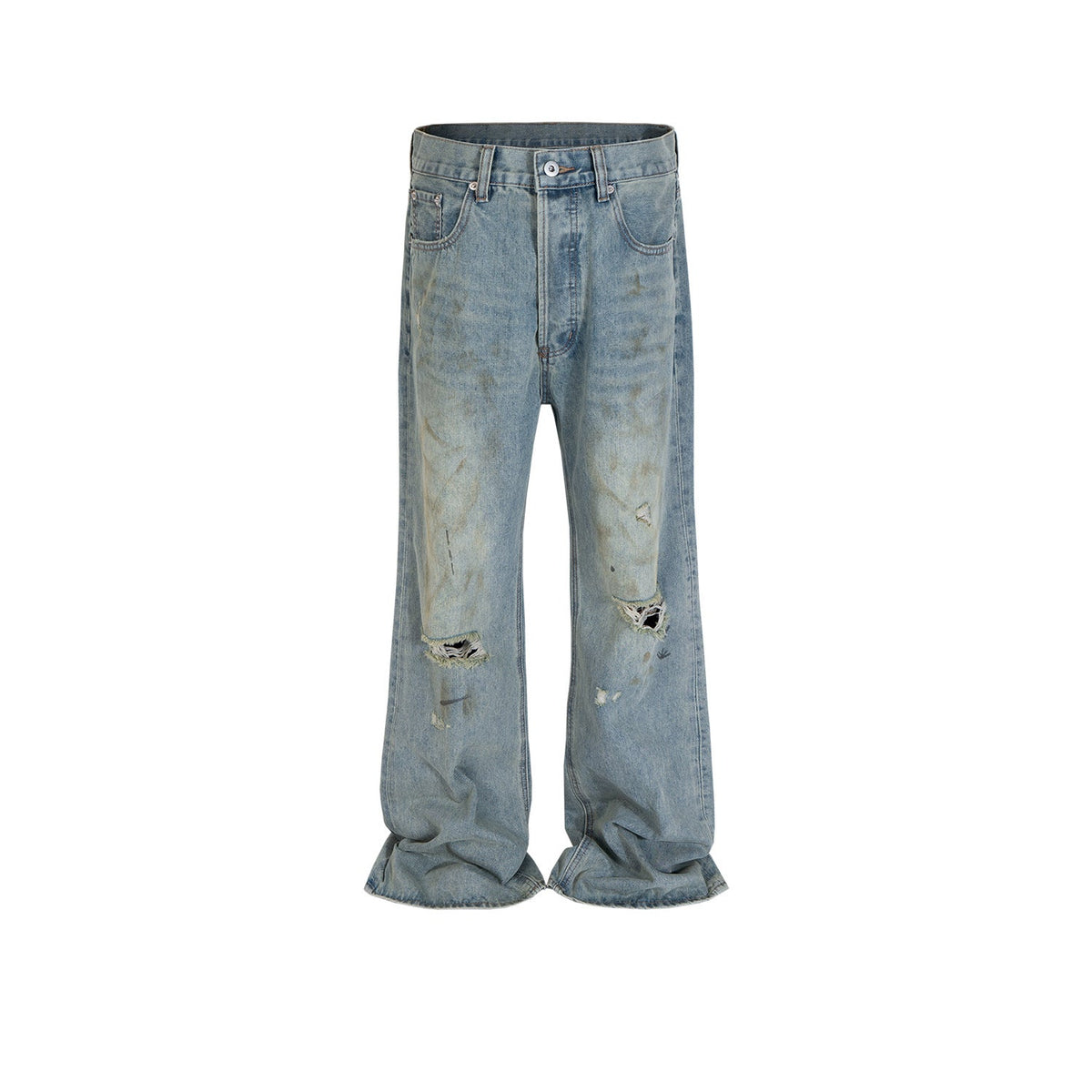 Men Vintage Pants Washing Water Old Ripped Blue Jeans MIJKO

--

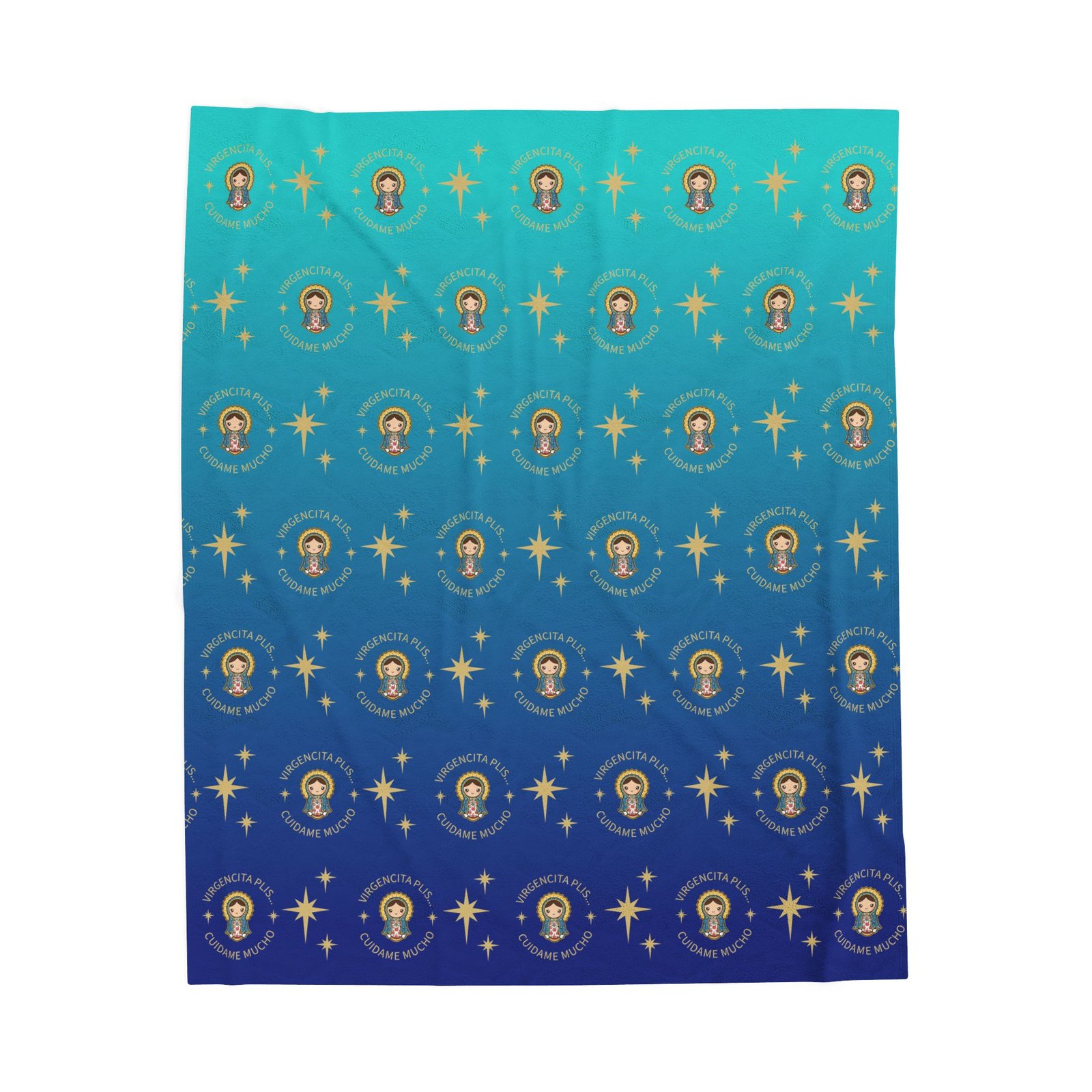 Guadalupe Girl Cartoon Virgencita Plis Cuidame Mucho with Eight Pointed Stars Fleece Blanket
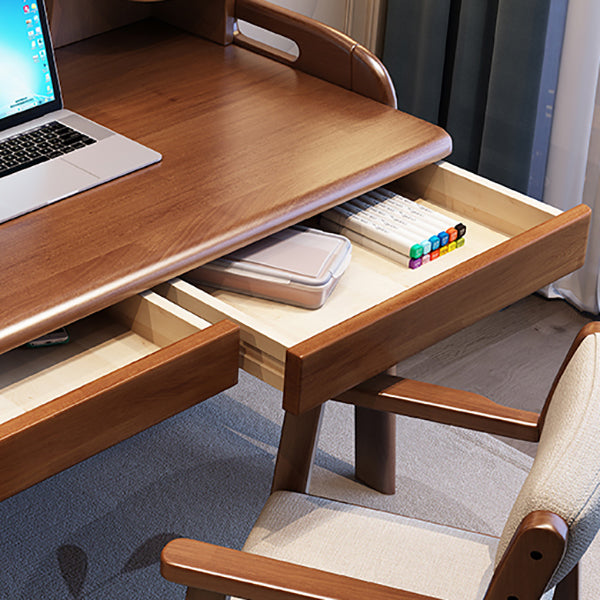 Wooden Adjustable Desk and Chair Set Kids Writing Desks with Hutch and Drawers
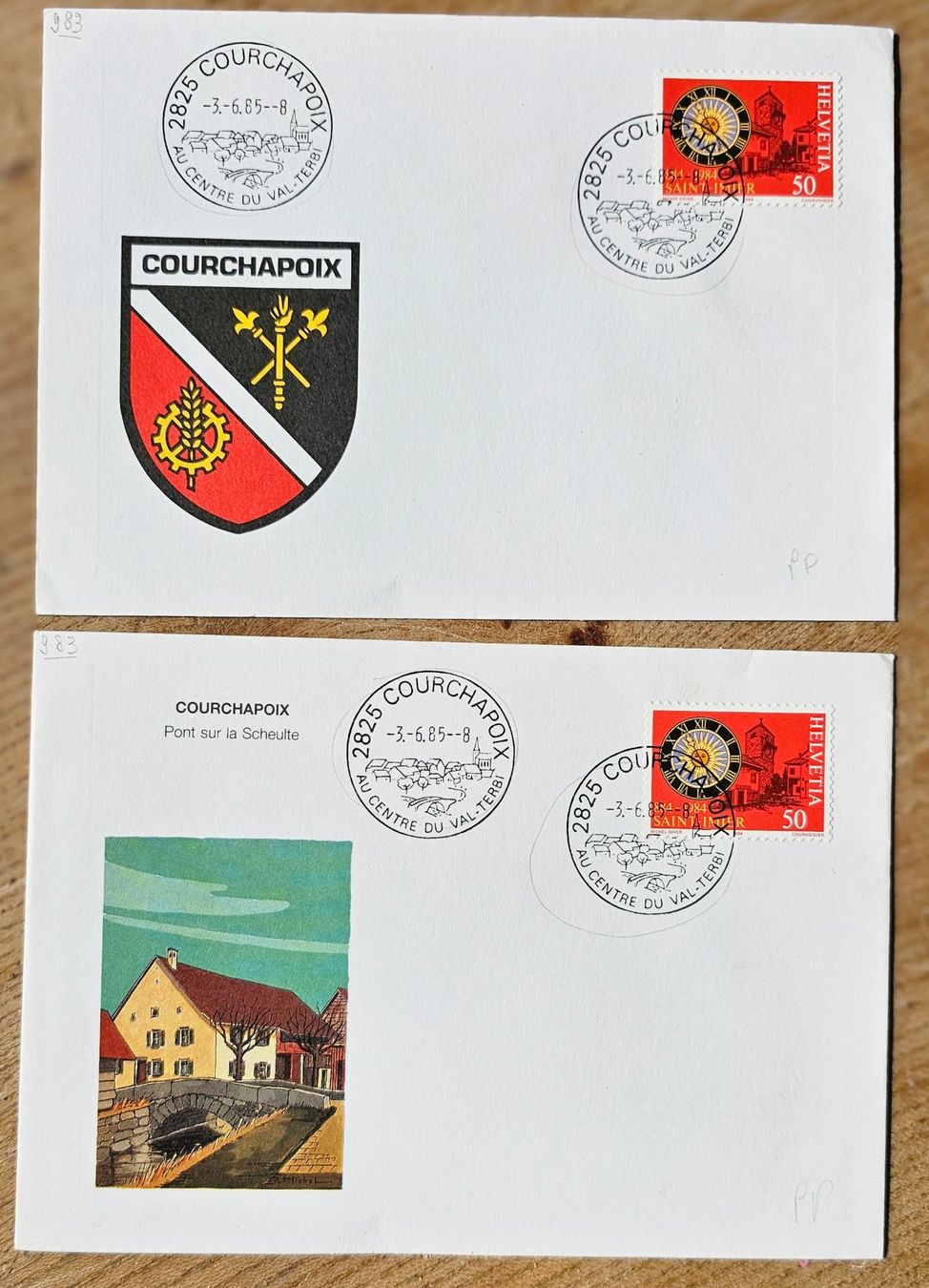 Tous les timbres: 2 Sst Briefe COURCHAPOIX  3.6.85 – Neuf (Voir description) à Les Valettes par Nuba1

**THE PROBLEM**
Look through the material above. Transcribe exactly the lines between the ones with "Guadalupe Girl Cartoon" and "Tous les timbres: 2", inclusive, and keep pictures out.

**SOLUTION TO THIS PROBLEM**
 Guadalupe Girl Cartoon Virgencita Plis Cuidame Mucho with Eight Pointed Stars Fleece Blanket
 Wooden Adjustable Desk and Chair Set Kids Writing Desks with Hutch and Drawers
 Tous les timbres: 2 Sst Briefe COURCHAPOIX  3.6.85 – Neuf (Voir description) à Les Valettes par Nuba1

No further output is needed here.